[Collected data]
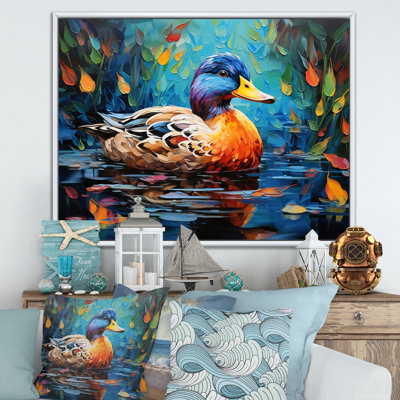 Fauve canard II, art mural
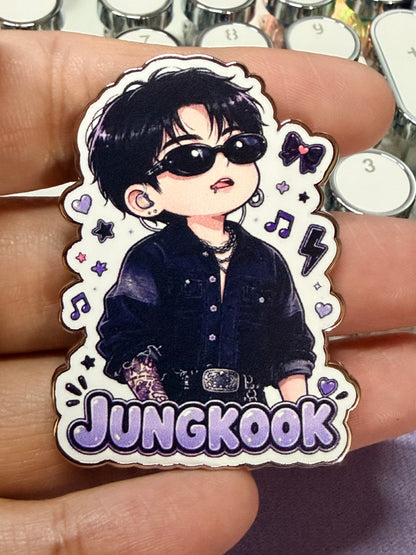 Jungkook the coolkid pin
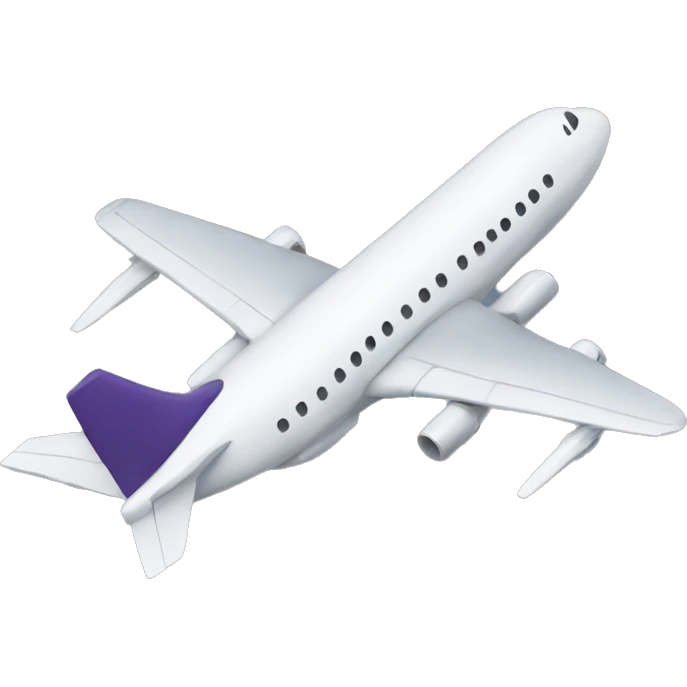 Plain plane on a plain  emoji
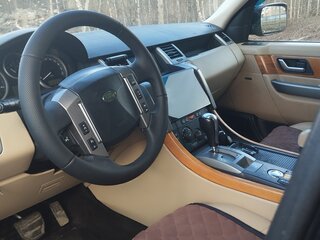 2008 Land Rover Range Rover Sport I, чёрный, 1200000 рублей, вид 4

[What to work on]
Word for word, print all of the data; skip the pictures.

[Answer]
 Fauve canard II, art mural
 Jungkook the coolkid pin
 Plain plane on a plain  emoji
 2008 Land Rover Range Rover Sport I, чёрный, 1200000 рублей, вид 4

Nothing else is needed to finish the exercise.